Foto di indagati e cronaca giudiziaria: quando il trattamento dei dati è lecito

La pubblicazione di immagini di individui indagati, introdotte a corredo di un articolo di cronaca giudiziaria attinente a fatti di rilevante interesse pubblico, non costituisce trattamento illecito di dati personali né lesione della dignità, a condizione che l’informazione risulti essenziale, rispettosa dei dettami deontologici del giornalismo e le immagini non siano umilianti o segnaletiche nel senso tecnico del termine. In questo senso si è espressa la Prima Sezione Civile della Corte di Cassazione (sentenza n. 20387 del 21 luglio 2025).

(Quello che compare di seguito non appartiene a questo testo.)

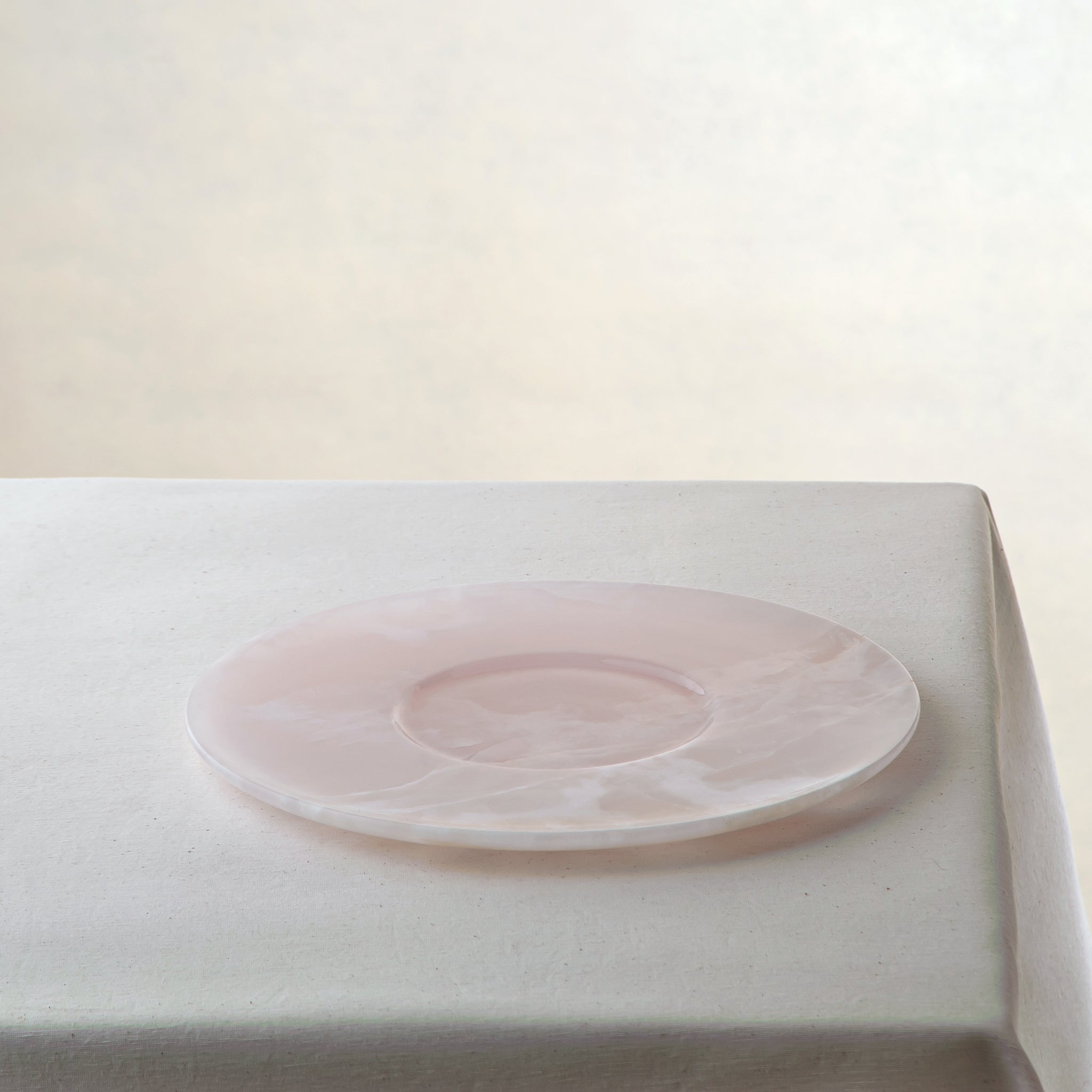 handcrafted pink onyx plate with smooth round shape and soft blush tones for modern table decor
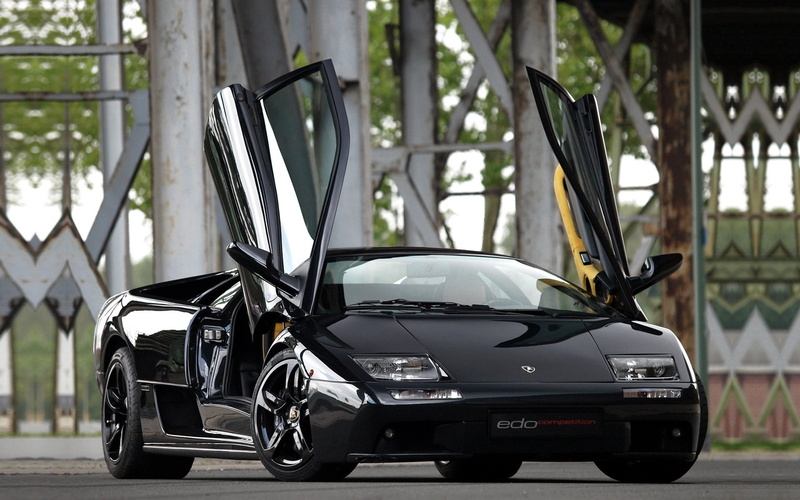 focus on foreground, drives, 1080P, black color, 6.0, city, silver colored, stationary, Lamborghini, Diablo, no people, parking, mode of transportation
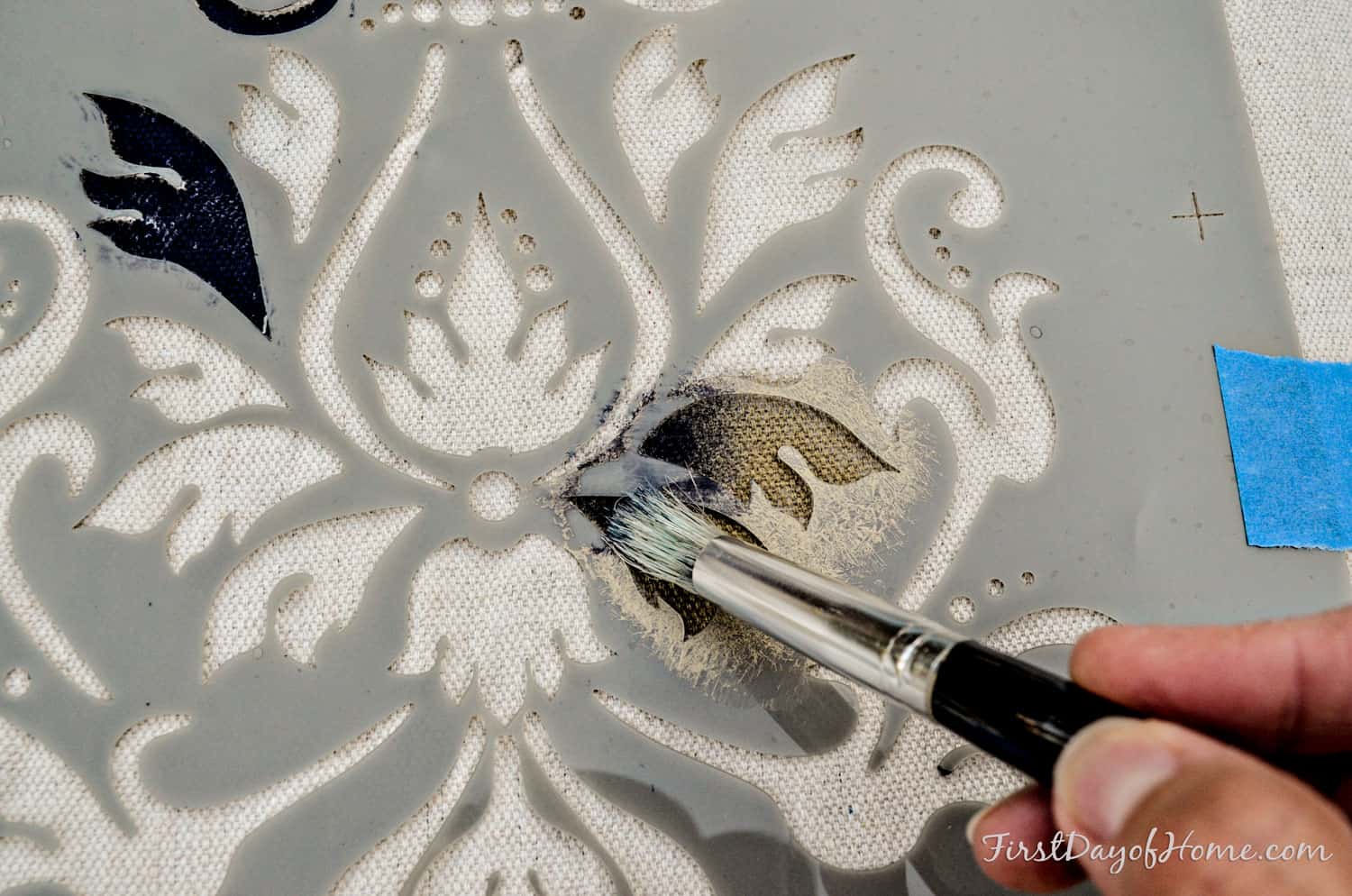 Adding depth to stencil with multiple layers of paint on a drop cloth table runner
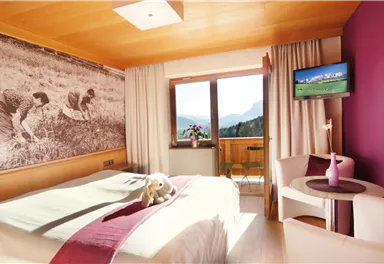 A cozy bedroom with a large bed and a beautiful view of the mountains. The walls are warmly decorated, and there is a television as well as a small table.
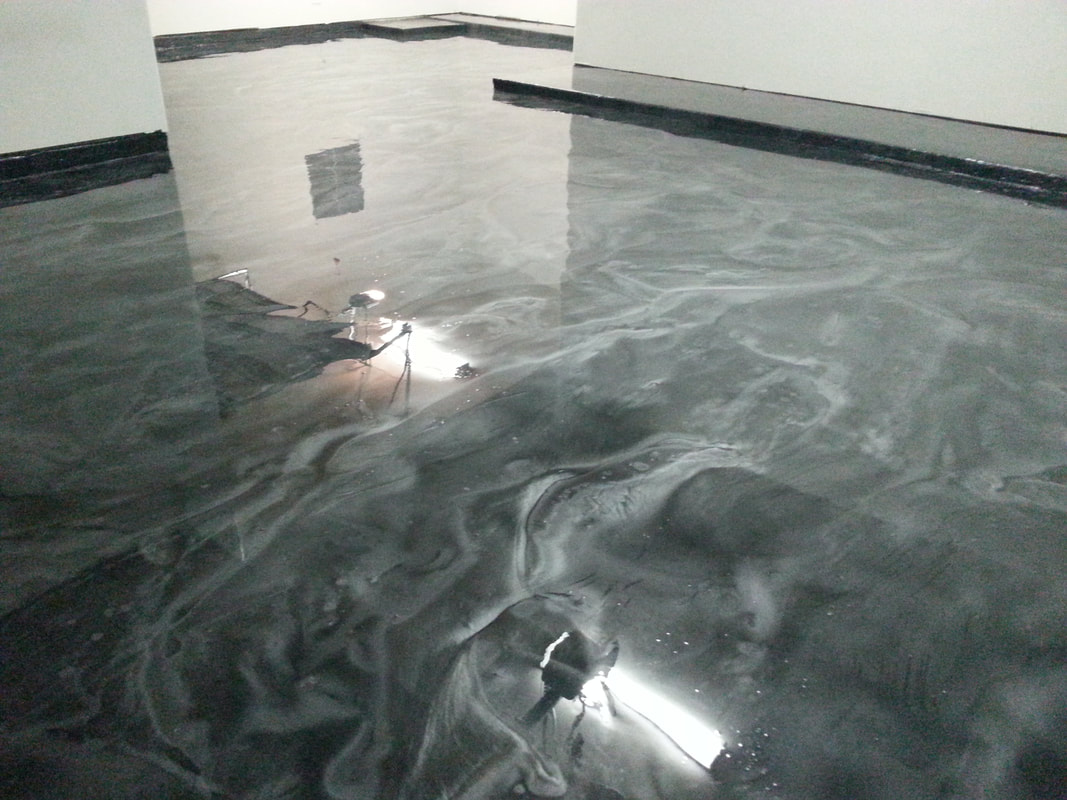 Grey epoxy flooring in garage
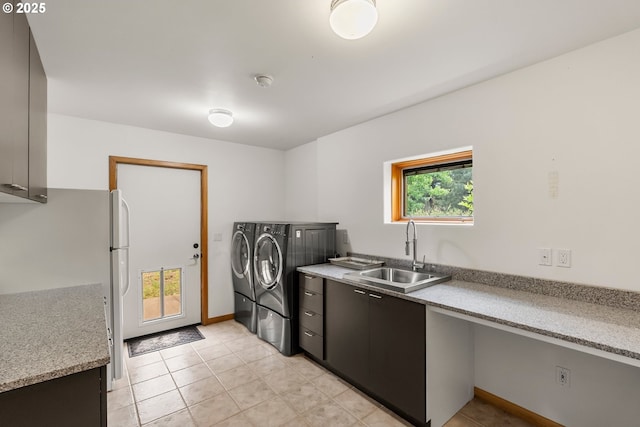 88369 Timberline Dr, Veneta, OR 97487 - laundry room with washer and clothes dryer, light tile patterned floors, and a sink
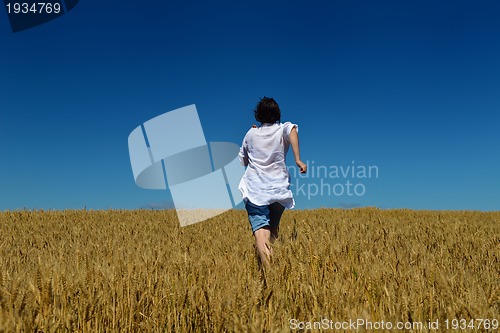 Image of young woman in wheat field at summer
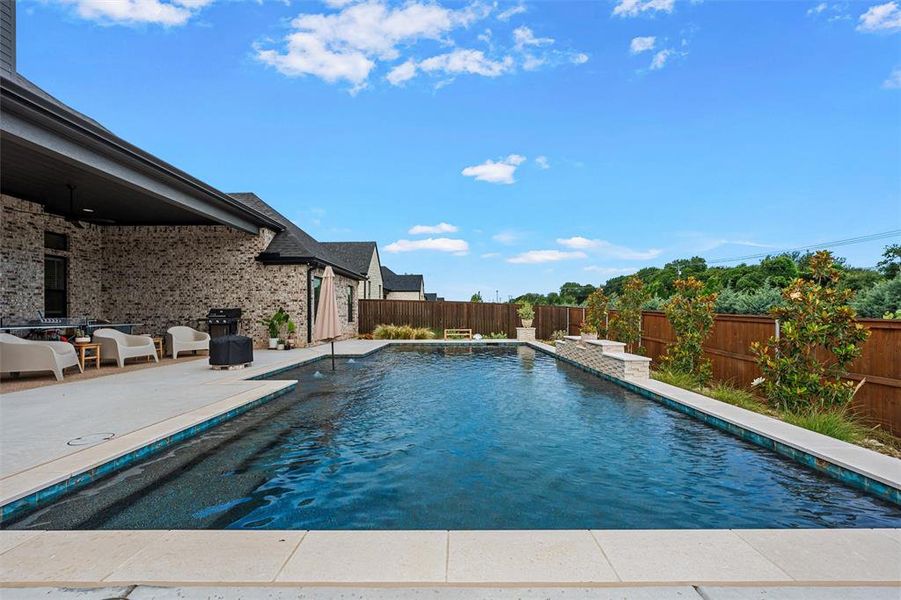 Exterior details and patio area of a home in , Woodway (Image 4).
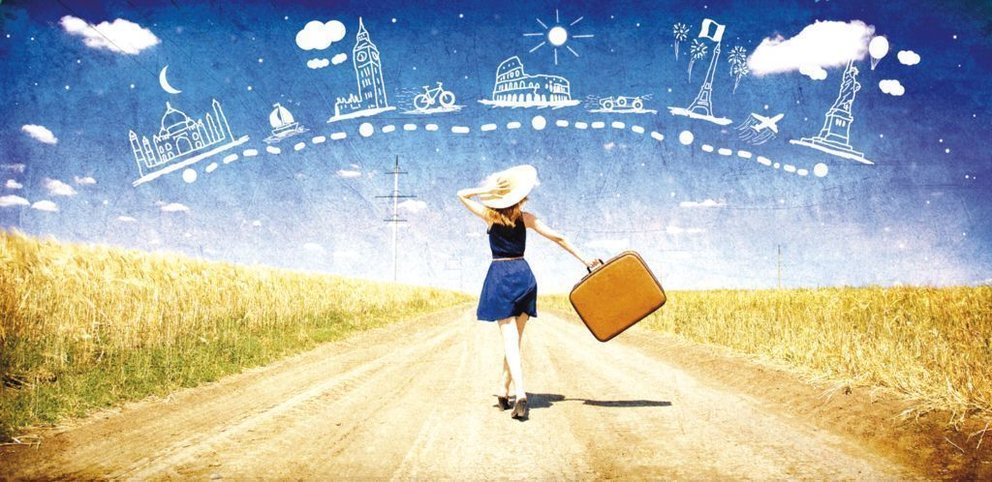 Lonely girl with suitcase at country road dreaming about travel.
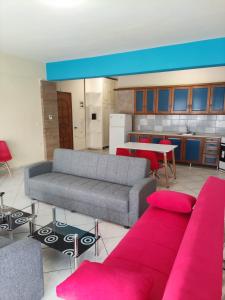 a living room with two couches and a kitchen at GCM 1 ROOMS kentro k parking in Katerini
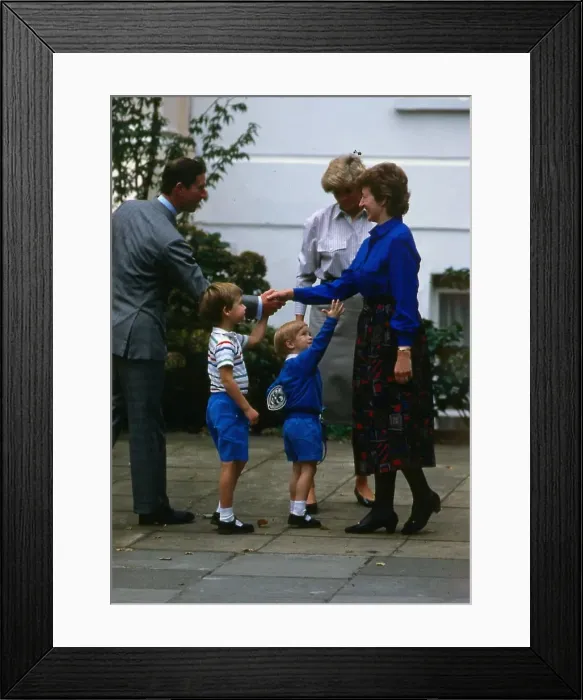 Framed Print : Prince Harry, wearing a blue sweatshirt shorts and Thomas the Tank Engine bag Framed Print : Prince Harry, wearing a blue sweatshirt shorts and Thomas the Tank Engine bag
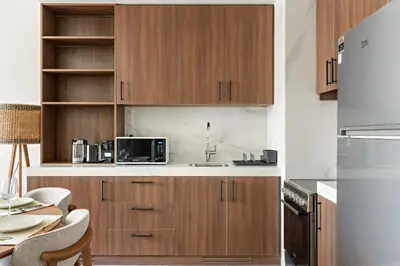 a kitchen with wooden cabinets and a table at VayK - Chic 2BR in Town Square with Pool View in Dubai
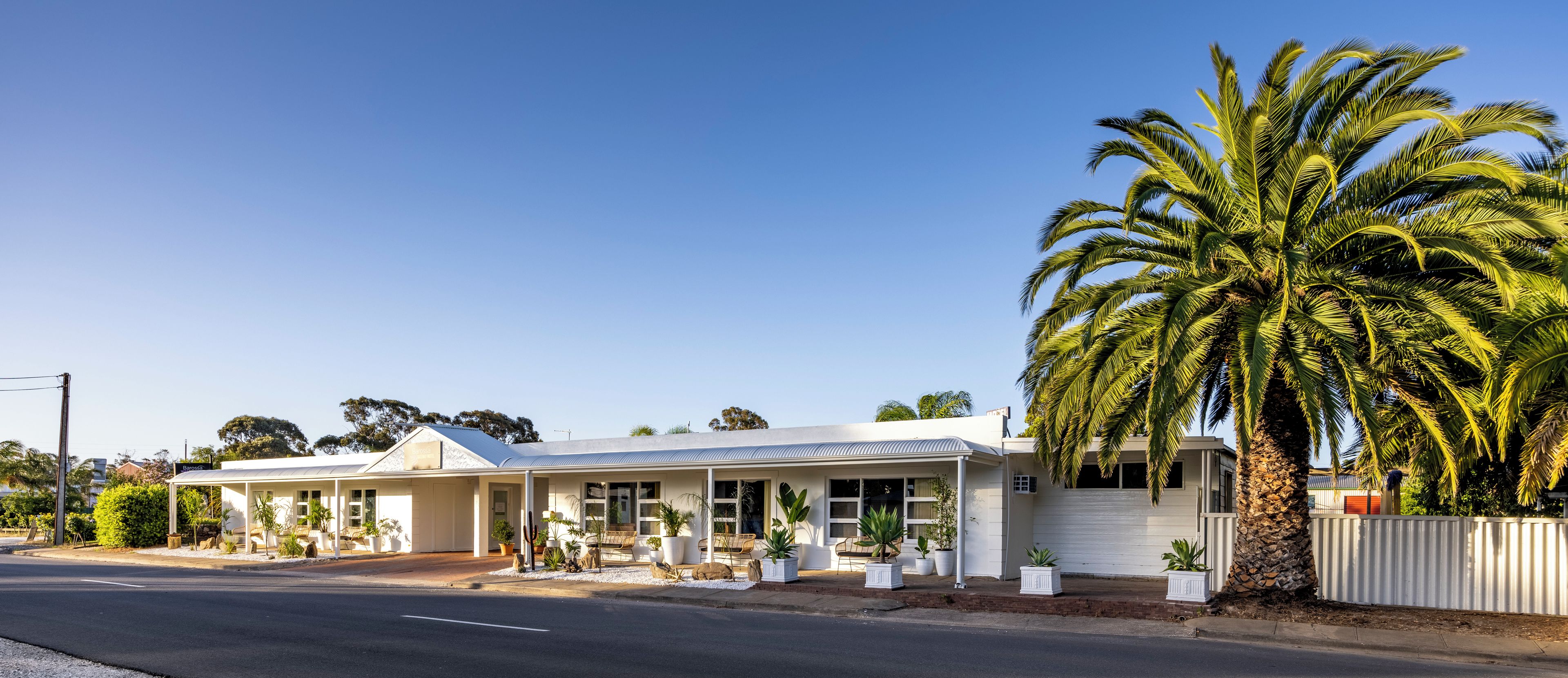Un edificio blanco de dos pisos con un porche cubierto y una palmera grande al frente.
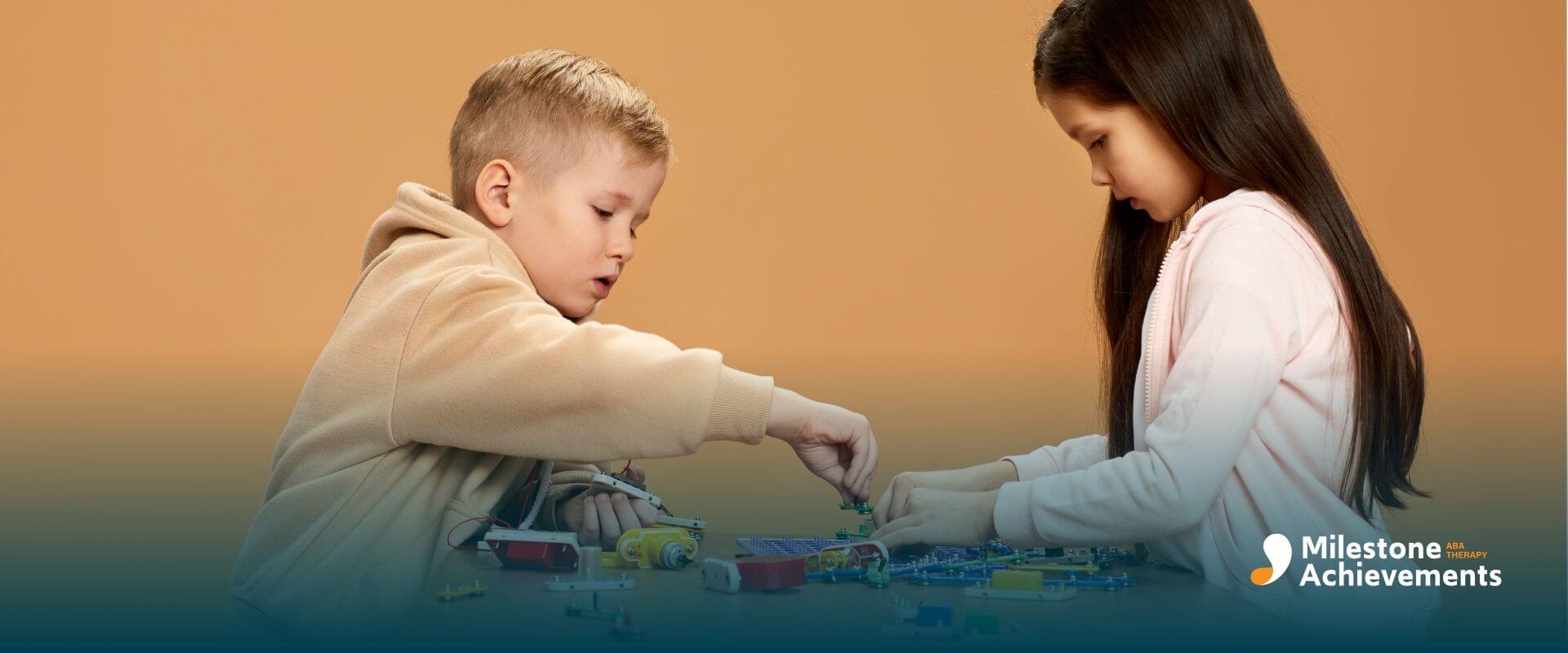 Two autistic children at a table assembling electronic toy parts, showing cooperative play and problem-solving skills.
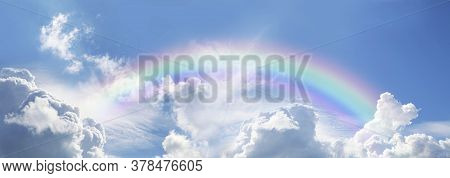 Stunning Blue Sky Panoramic Rainbow - Big Fluffy Clouds With A Giant Arcing Rainbow Against A  Beaut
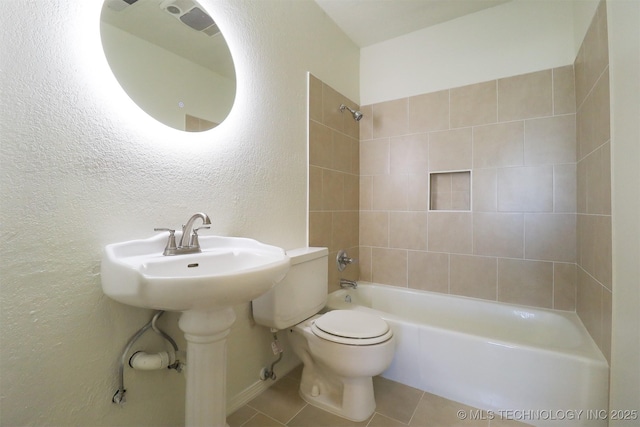 bathroom with tile patterned floors, toilet, and tiled shower / bath combo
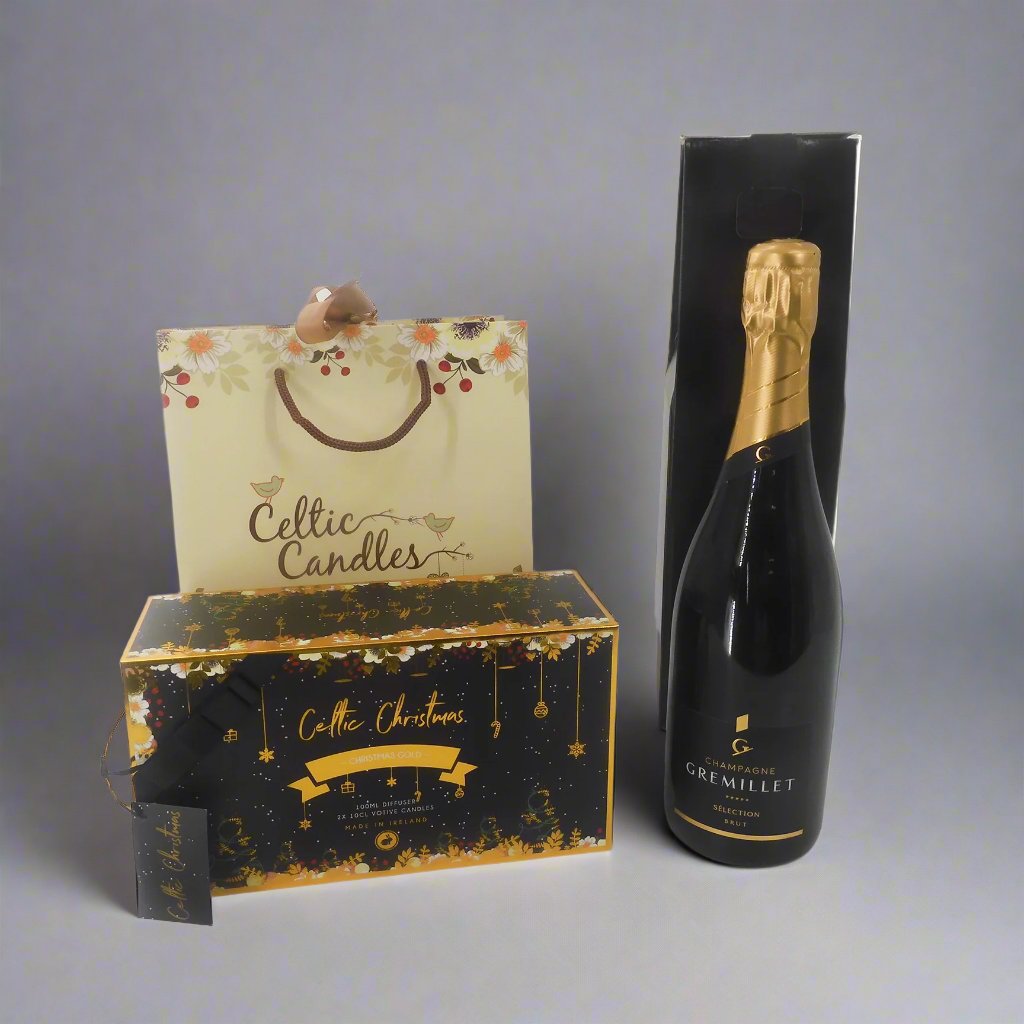 Christmas gift set with Gremillet champagne, a Celtic Christmas candle set, and a diffuser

Bilanciamento tra privacy e diritto di cronaca

La sentenza resa dalla Prima Sezione Civile della Corte Suprema di Cassazione (n. 20387 del 21 luglio 2025) interviene sulla questione del trattamento dei dati personali nel contesto dell’attività giornalistica, in particolare della cronaca giudiziaria.

La vicenda origina da un provvedimento del Garante per la protezione dei dati personali che aveva impedito la pubblicazione di fotografie relative a soggetti indagati, ritenendo il trattamento illecito ai sensi del Regolamento UE 2016/679 (GDPR) e del Codice della Privacy italiano.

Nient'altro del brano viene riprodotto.